I had to create a function for an assignment and I have no idea how to figure out the complexity of it. Could someone please explain the Big O notation of the following function and give a little explanation why (so I know next time). Thank you.

public static int findRange(int[] thisArray) {
        int range = 0, max = 0, min = 0;
        max = thisArray[0];
        min = thisArray[3];
        range = max - min;
        return range;

This is `O(1)`. There is no loop. Everything happens in constant time. — Elliott Frisch, Apr 13 '18 at 21:17
There is a good explanation of Big O here: [What is Big O](https://stackoverflow.com/questions/487258/what-is-a-plain-english-explanation-of-big-o-notation) — MarkA, Apr 13 '18 at 21:19
Your code is `O(1)` as mentioned in other comments. What I would like to say is that the code seems incorrect. Not sure exactly what you need to do but you just seem to be returning the difference between the first and 4th element of the array. To find the min and max, you need to loop through the array and find the min and max. That would be `O(n)` in the best case. — clinomaniac, Apr 13 '18 at 21:19
Thank you. I had a feeling that was it that or 0(n). The main function sorted the array, I took the first and last values as the min and max, then subtracted to find the range. Sorry for not clarifying. — Zack Zalud, Apr 13 '18 at 21:19
First you define what `n` is, which is likely length of array here, then you ask yourself: Will code run slower if `n` gets bigger (think HUGE, like into the millions). Since answer is no, so it's _O(1)_. — Andreas, Apr 13 '18 at 21:30

score 1 · Answer 1 · answered Apr 13 '18 at 21:25

Posting as answer cause a lot more information:

Your code is O(1) as mentioned in other comments. What I would like to say is that the code seems incorrect. Not sure exactly what you need to do but you just seem to be returning the difference between the first and 4th element of the array. To find the min and max, you need to loop through the array and find the min and max. That would be O(n) in the best case.

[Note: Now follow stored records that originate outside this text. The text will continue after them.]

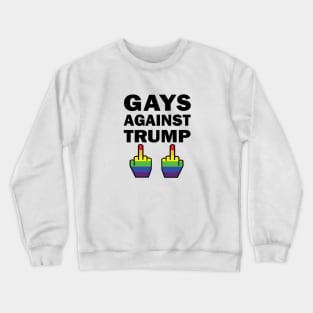 Gays Against Trump Crewneck Sweatshirt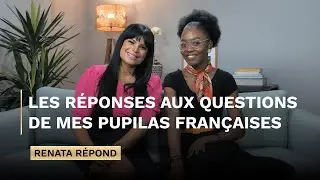 Les réponses aux questions de mes pupilas françaises | Canal Renata França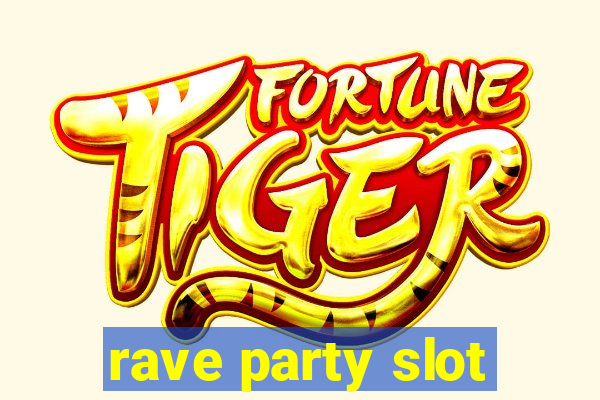 rave party slot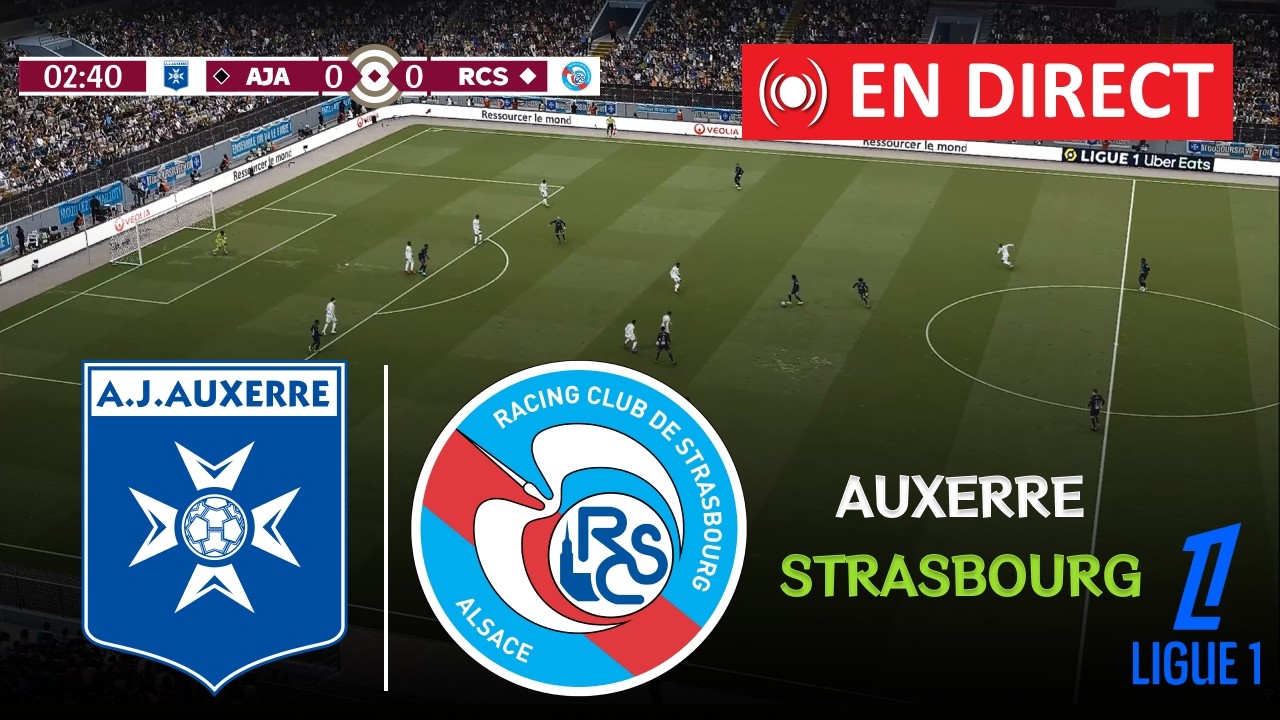 🔴 EN DIRECT : Auxerre vs Strasbourg | Ligue 1 2026 en direct aujourd'hui | Simulation d'e-Football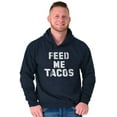 thumbnail image 5 of Feed Me Tacos Tuesday Mexican Food Hoodie Sweatshirt Women Men Brisco Brands L, 5 of 6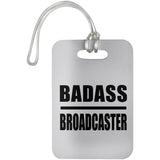 Badass Broadcaster - Luggage Bag Tag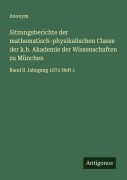 Cover-Bild zum Titel 'Sitzungsberichte der mathematisch-physikalischen Classe der k.b. Akademie der Wissenschaften zu München' von 'Anonym'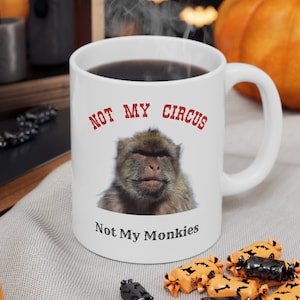 Not My Circus Not My Monkeys Mug | Cute Monkey Funny Coworker or Boss Gift | Secret Santa, White Elephant Humorous Office Present Christmas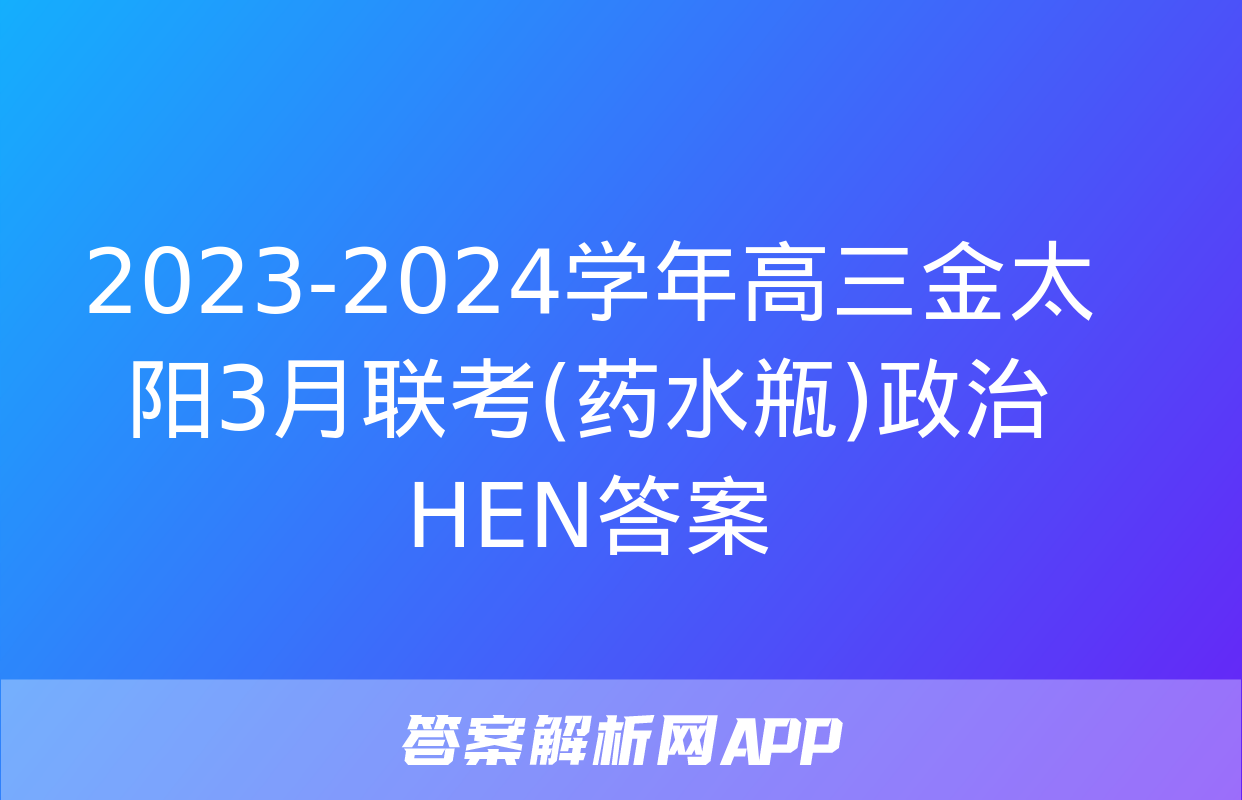 2023-2024学年高三金太阳3月联考(药水瓶)政治HEN答案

Since this is an assignment, I am not going to write the code but just a guideline on what you need to be doing.

Initialize two variables for max and min and set them to lowest and highest possible value.
Loop through the array and compare each element to see if its greater than max or less than min.
When the loop is finished, max and min will have your actual max and min values.
Use these variables to calculate and return range.

With this algorithm, you will be looping through the array once and will be O(n) since the number of iterations will increase as the length of the array increases.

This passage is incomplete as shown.